Eu fui ouvir a declaração inteira e foi uma frase ao final que, de fato, foi infeliz. Eu entendo o que ele estava querendo dizer, porque acho que é exatamente no contexto desse sensacionalismo, dessa especulação. Foi na mesma semana em que a Rússia sinalizou uma possibilidade absolutamente infactível de uma vacina agora em agosto. E uma série de gestores de estados e de países indicando que não tem muito o que fazer, vamos esperar a vacina. Meio que: ‘vamos sentar e esperar, e tudo bem essa escalada de casos e eventual segunda onda; a vacina vai ser a solução’. E a fala dele foi nesse sentido. O caminho não é esse. As medidas de prevenção e de controle são um combo. É um combinado e não tem uma só estratégia que vai resolver tudo.
Mesmo se a vacina for aprovada – uma ou mais nos ensaios clínicos de fase 3 –, a gente tem uma série de questões de escala de produção. Não vai ser em abril que todas as milhões doses vão estar disponíveis de uma vez só. Vai ser em etapas. Tem um período até, de fato, atingir coberturas vacinais para conseguir reduzir a transmissibilidade de qualquer doença.
Não é ‘amanhã a vacina tá aqui, depois de amanhã, tá tudo resolvido’. Não é. Distanciamento social ainda vai ser importante. Todo processo de vigilância, de testagem e identificação de casos, isolamento desses casos, rastreamento dos contatos, quarentena desses contatos, todas medidas de higienização, uso de máscaras vão ter de continuar de alguma forma, com maior ou menor flexibilidade em relação ao distanciamento social, em função do momento epidemiológico. A gente não vai sair disso de um dia para o outro quando e se uma vacina chegar. Vai ser um processo.
A gente poderia ter as primeiras vacinas para grupos prioritários no início do ano, uma distribuição para o restante da população ao longo do primeiro semestre e uma situação mais normalizada ao longo do segundo semestre?
Início do ano, tipo janeiro, eu acho otimista demais. Na melhor das hipóteses, eu falaria algo em torno de março ou abril. Mesmo assim, condicionada a uma série de etapas anteriores que devem ter sucesso sucessivamente.
Março ou abril para esse grupo prioritário?
Não estou nem falando de grupos, mas de ter o número inicial de doses disponíveis para uso de fato. Já passadas as etapas de registro, distribuição, incorporação, controle de qualidade, tudo isso.

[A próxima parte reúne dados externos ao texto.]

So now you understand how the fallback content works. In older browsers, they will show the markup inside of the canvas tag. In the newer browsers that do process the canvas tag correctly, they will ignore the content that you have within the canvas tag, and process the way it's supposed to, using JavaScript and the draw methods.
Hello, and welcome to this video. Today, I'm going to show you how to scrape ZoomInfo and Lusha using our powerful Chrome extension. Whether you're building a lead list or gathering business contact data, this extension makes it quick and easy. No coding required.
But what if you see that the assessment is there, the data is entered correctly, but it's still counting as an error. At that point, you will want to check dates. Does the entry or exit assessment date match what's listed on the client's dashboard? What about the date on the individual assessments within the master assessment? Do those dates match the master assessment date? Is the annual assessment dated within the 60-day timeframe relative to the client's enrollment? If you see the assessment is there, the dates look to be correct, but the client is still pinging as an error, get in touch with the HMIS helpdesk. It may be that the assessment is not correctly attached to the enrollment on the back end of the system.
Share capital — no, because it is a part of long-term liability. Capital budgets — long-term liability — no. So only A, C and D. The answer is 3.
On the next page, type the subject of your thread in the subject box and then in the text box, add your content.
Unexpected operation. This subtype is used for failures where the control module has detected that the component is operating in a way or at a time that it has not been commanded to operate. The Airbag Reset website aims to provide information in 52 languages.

Em relação à priorização, tem uma série de questões intuitivas. Grupos que estão na linha de frente, portanto, necessários para manutenção das atividades essenciais das sociedade, não só nessa pandemia, mas na pandemia de influenza, em todas as epidemias passadas, são sempre intuitivamente identificados como grupos prioritários profissionais de saúde, das forças de segurança.
Outros grupos prioritários estão sendo discutidos, mas depende da vacina. Se a gente for falar de idosos, porque têm maior risco de adoecimento e de complicações e óbitos, do ponto de vista epidemiológico faz sentido, mas temos estudos de fase 3 realizados nesse grupo de idade que demonstrem eficácia e segurança nesse grupo de idade?

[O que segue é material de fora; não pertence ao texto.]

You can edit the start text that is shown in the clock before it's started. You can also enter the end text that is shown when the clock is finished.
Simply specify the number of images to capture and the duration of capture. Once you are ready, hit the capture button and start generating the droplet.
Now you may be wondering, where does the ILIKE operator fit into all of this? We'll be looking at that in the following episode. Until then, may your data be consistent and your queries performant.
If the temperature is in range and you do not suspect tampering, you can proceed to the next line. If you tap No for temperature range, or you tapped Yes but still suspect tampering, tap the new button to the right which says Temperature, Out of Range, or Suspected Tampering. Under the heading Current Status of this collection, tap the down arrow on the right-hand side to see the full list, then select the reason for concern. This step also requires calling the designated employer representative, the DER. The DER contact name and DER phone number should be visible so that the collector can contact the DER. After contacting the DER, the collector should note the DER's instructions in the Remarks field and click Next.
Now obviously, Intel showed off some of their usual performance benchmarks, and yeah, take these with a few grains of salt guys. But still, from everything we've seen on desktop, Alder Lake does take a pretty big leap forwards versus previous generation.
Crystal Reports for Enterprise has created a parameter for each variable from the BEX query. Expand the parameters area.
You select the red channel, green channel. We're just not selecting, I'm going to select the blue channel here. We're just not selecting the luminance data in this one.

Se não tiver, a gente não pode recomendar vacina para esse grupo de idade. Por isso, todas essas perguntas têm de se encaixar e têm de ter respostas positivas e evidências subsidiando essa recomendação de todos os ângulos. É o trabalho que a gente faz no comitê.
No Brasil, admite-se acelerar o trâmite de registro pela Anvisa para que uma vacina possa ser incorporada pelo SUS se for considerada eficaz e segura. Há uma expectativa de que, em novembro, sejam divulgados resultados preliminares no ensaio clínico da vacina de Oxford, que daria aval para o registro e para o calendário previsto pelo Ministério da Saúde, de 30 milhões de doses entre dezembro deste ano e janeiro de 2021, e outras 70 milhões ao longo do primeiro semestre. Na sua avaliação, esses prazos são factíveis?
O tempo do ensaio clínico depende prioritariamente de duas coisas. Primeiro, do número de pessoas a serem incluídas. Você precisa de 10 mil ou 20 mil participantes, então demora a conseguir acompanhar essa pessoas. Estão sendo feitos estudos em vários países simultaneamente, o que minimiza esse tempo.
A outra questão é que esses estudos pressupõem a exposição dos participantes ao vírus naturalmente. Por isso estão sendo realizados em lugares em que há transmissão importante do vírus, que é Brasil, África do Sul, Chile, Emirados Árabes, Arábia Saudita, vários países em que o vírus ainda está circulando de maneira relevante. Isso também é importante, porque, se o vírus parar de circular – o que nós esperamos que aconteça logo –, do ponto de vista do calendário da vacina, vai atrasar.
É o que aconteceu, por exemplo, com os estudos da vacina da SARS. Havia muitas candidatas sendo testadas e a SARS foi embora. Deixa de ser uma prioridade e fica difícil de completar esses calendários previstos para os ensaios clínicos.
Se esse calendário é factível, tudo depende do resultado do ensaio clínico de fase 3. Estamos todos bastante otimistas em função do número grande de pré-candidatas que estão sendo estudadas, que chegaram à fase 3 com resultados promissores nas fases 1 e 2, mas a observação de que de fato essa imunidade – ou por anticorpos ou mediada por células – de fato protege contra a doença, só é observada na fase 3.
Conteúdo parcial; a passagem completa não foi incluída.